── EXTRACTED MATERIAL
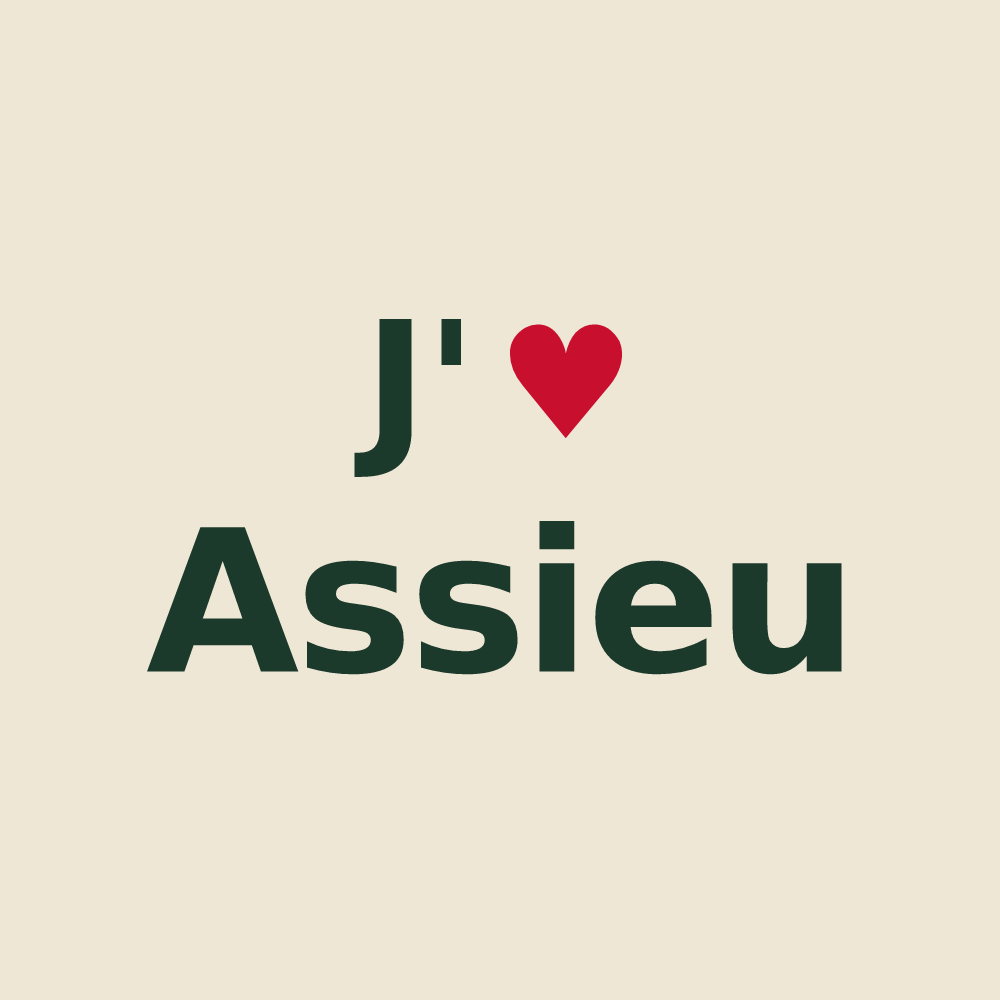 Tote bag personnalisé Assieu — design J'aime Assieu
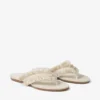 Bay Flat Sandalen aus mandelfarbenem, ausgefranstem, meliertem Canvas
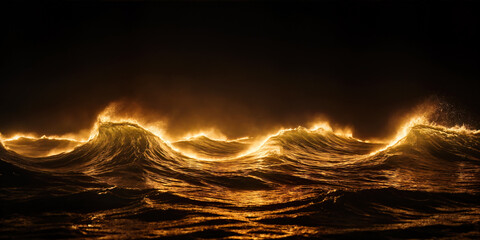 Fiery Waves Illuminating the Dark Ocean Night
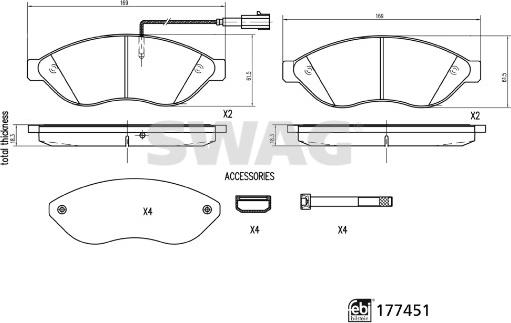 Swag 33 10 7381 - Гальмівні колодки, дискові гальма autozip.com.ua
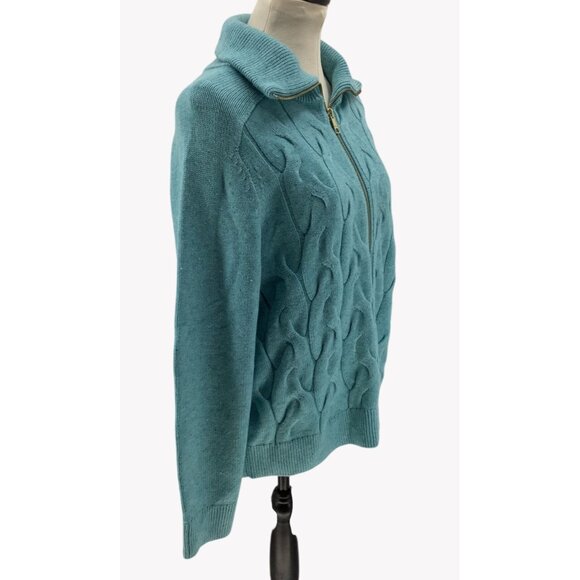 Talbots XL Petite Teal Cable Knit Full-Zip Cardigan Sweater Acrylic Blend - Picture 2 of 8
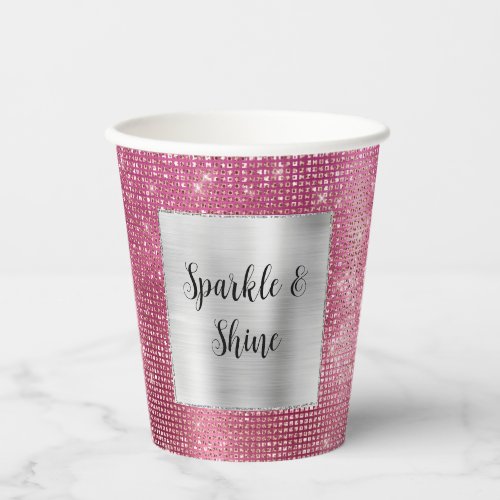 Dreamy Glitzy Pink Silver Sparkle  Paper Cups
────
YOUR OBJECTIVE: Any picture among the entries must be skipped; copy all else exactly.

YOUR SOLUTION:
 Tote bag personnalisé Assieu — design J'aime Assieu
 Bay Flat Sandalen aus mandelfarbenem, ausgefranstem, meliertem Canvas
 Fiery Waves Illuminating the Dark Ocean Night
 Swag 33 10 7381 - Гальмівні колодки, дискові гальма autozip.com.ua
 Talbots XL Petite Teal Cable Knit Full-Zip Cardigan Sweater Acrylic Blend - Picture 2 of 8
 Dreamy Glitzy Pink Silver Sparkle  Paper Cups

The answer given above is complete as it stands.